● **Assignment**: In the listing below, locate the line with "Abbildung von CSB" and the line with "Jackets Outerwear DailySale", then output both and everything between them exactly, minus any pictures.
[Material shown — start]
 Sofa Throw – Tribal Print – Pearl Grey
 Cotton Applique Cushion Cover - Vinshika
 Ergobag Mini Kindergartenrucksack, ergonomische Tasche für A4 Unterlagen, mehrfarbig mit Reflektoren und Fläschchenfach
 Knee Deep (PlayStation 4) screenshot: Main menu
[Material shown — finish]
[Material shown — start]
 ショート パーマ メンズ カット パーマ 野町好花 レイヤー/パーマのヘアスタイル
[Material shown — finish]
[Material shown — start]
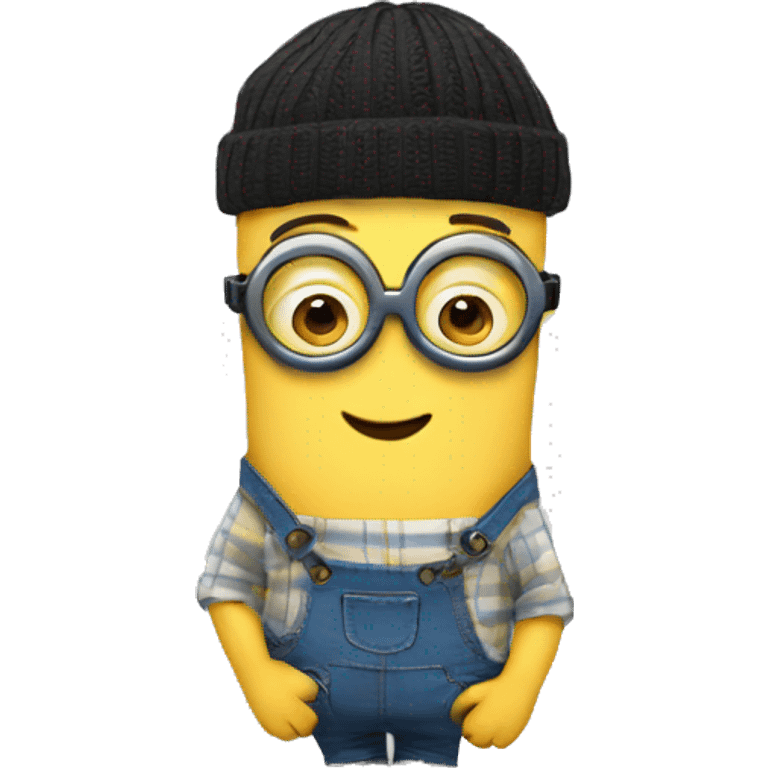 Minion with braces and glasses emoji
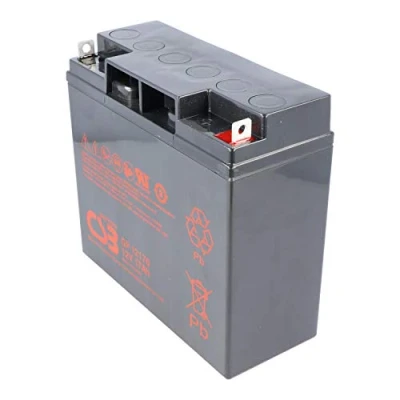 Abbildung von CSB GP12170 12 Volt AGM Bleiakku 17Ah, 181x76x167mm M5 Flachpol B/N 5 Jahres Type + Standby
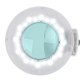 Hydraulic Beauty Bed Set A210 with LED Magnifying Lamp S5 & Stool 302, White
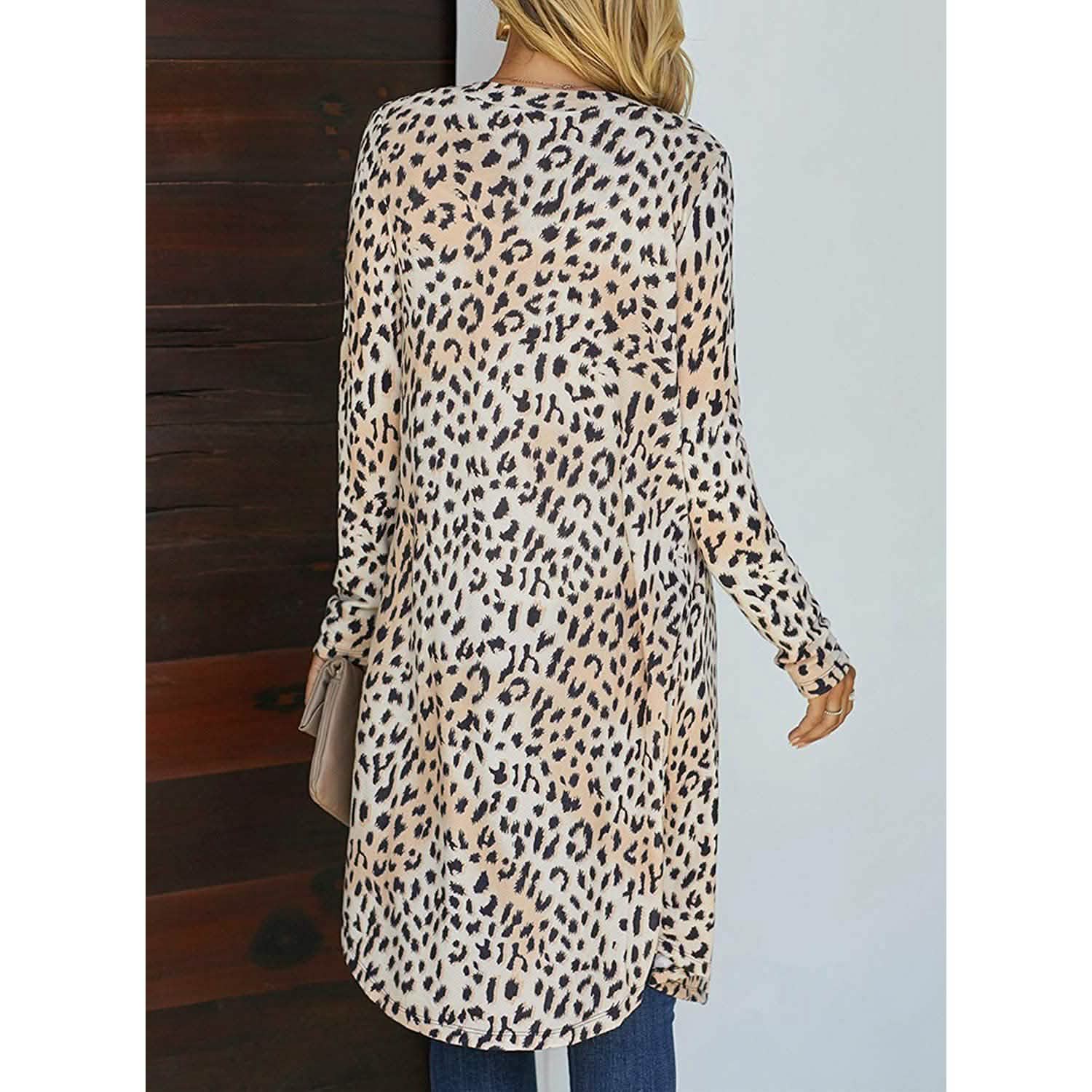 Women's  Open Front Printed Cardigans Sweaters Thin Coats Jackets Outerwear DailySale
[Material shown — finish]
● **Reply to the task**:
 Abbildung von CSB GP12170 12 Volt AGM Bleiakku 17Ah, 181x76x167mm M5 Flachpol B/N 5 Jahres Type + Standby
 Hydraulic Beauty Bed Set A210 with LED Magnifying Lamp S5 & Stool 302, White
 Women's  Open Front Printed Cardigans Sweaters Thin Coats Jackets Outerwear DailySale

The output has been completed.